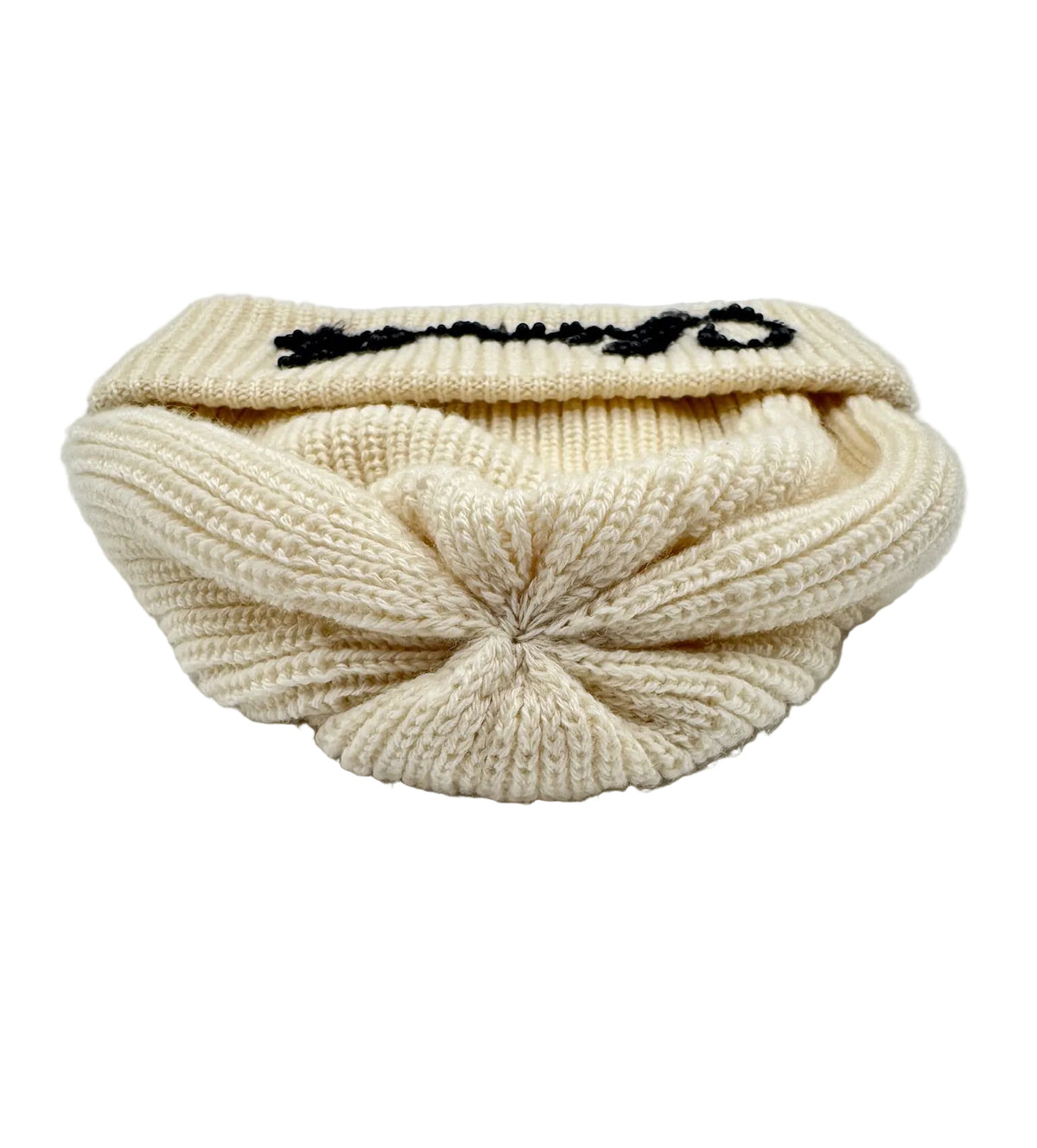 Chanel White Beanie with Black Pearls Logo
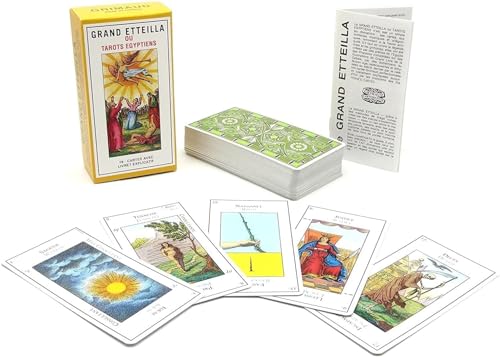 Grimaud – Grand Etteilla – Ägyptisches Tarot – Kartomancie – Wahrsager-Tarot inspiriert von der Antike – Spiel mit 78 Karten von B.P. GRIMAUD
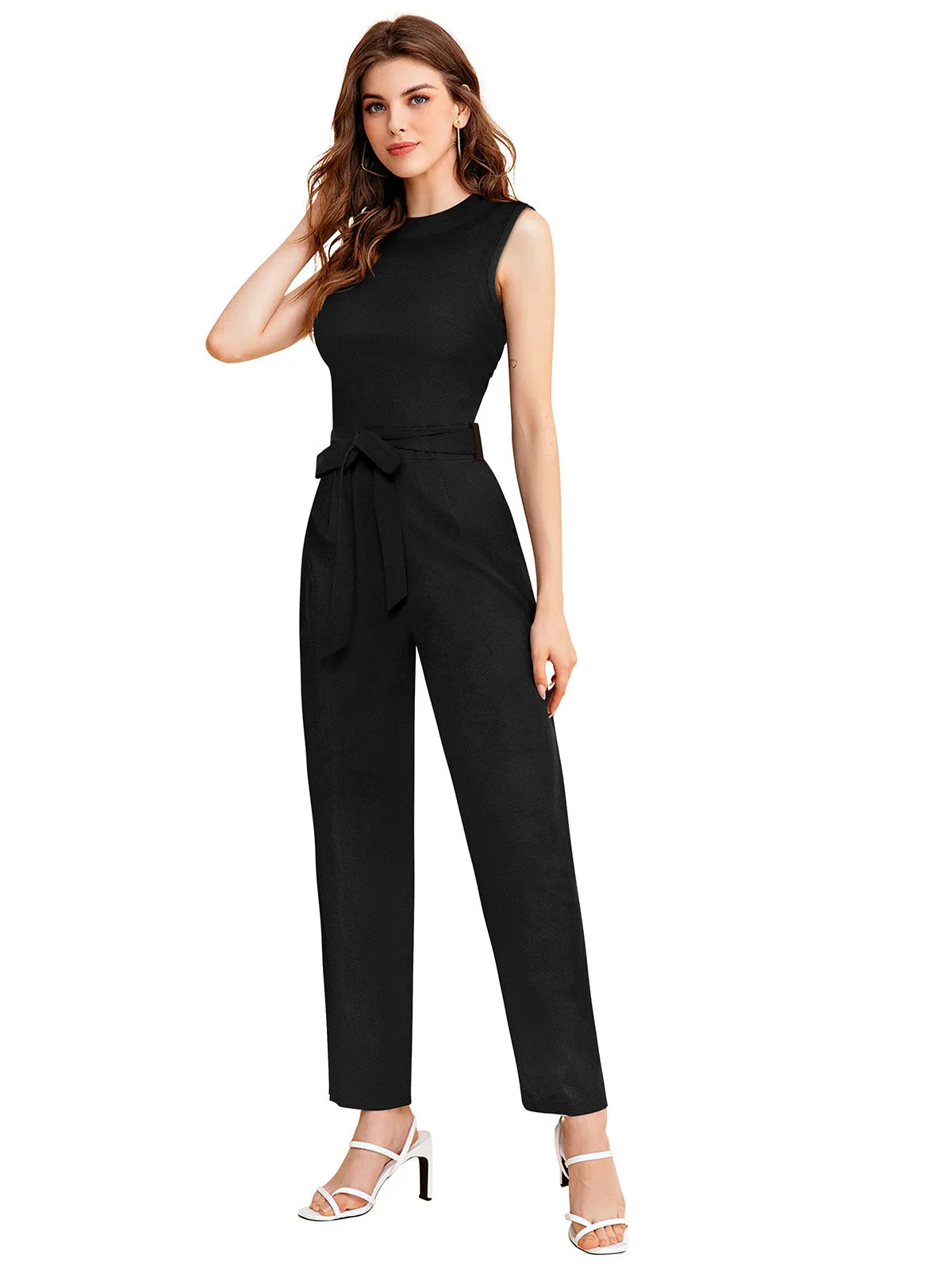 Odette Black Knit Fabric Jumpsuit For Women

###

> _EXERCISE BRIEF_
Please output the material as written, apart from the images.

> _OUTPUT FOR THIS TASK_
 Chanel White Beanie with Black Pearls Logo
 Grimaud – Grand Etteilla – Ägyptisches Tarot – Kartomancie – Wahrsager-Tarot inspiriert von der Antike – Spiel mit 78 Karten von B.P. GRIMAUD
 Odette Black Knit Fabric Jumpsuit For Women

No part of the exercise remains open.